That disconnect, where you own the market but not their world, is where most meetings go quiet. Closing that gap starts with recognizing that sponsorship isn't one role. It's three, often filled by different people:
A Funder: provides budget, headcount, or resources. Show them how your project multiplies the return on their investment.
An Influencer: opens doors and lends credibility. Align your project with their priorities by showing how their support advances their agenda.
A Receiver: the person or team whose portfolio your project ultimately becomes part of. Often the most important role, and the hardest to find. Study their planning cycles and align your approach to fit their process.
The instinct is to look for a funder first. But without a receiver, there's nowhere for the project to land. And without an influencer, you may never get the meeting.

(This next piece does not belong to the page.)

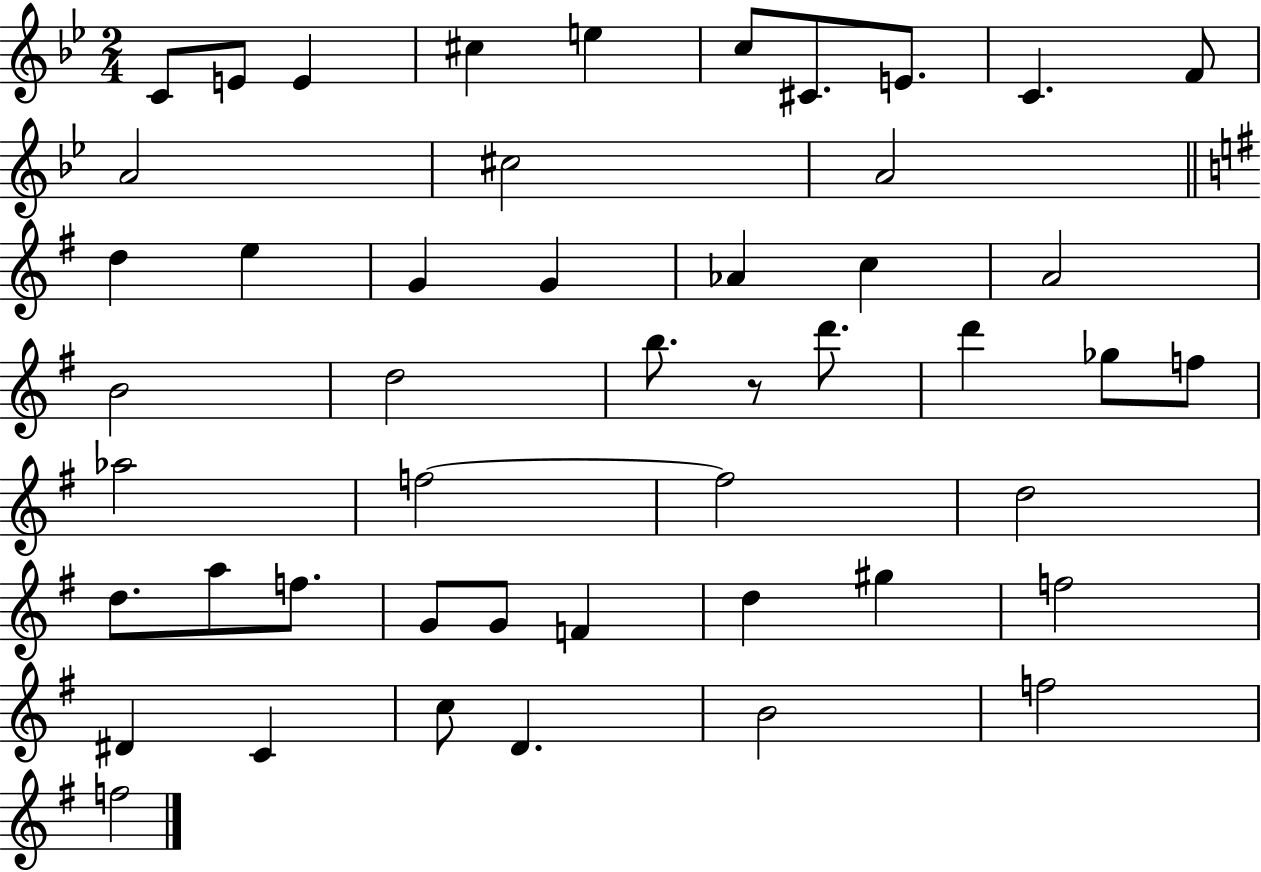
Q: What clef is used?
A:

For each potential sponsor, go beyond the org chart. Use five lenses: personal details, opportunities and challenges, key relationships, expectations and goals, and relevance to your project.
This is where lean startup thinking, applied inside large organizations, tends to break down. Sponsorship decisions are often based on the metrics the executive cares about, which may look like vanity metrics from the outside. What's actionable for you is whatever moves that specific executive.
For example, one intrapreneur built dossiers on every key stakeholder: not just their roles and goals, but who they are — frustrations, what they let slip when no one's paying attention. She used that relational intelligence to land a pilot that saved eight to nine figures. The sponsor felt understood, and that's what got them to yes.
Can you write one sentence on what your project does for each of the sponsors? If you can't, there’s more groundwork to do.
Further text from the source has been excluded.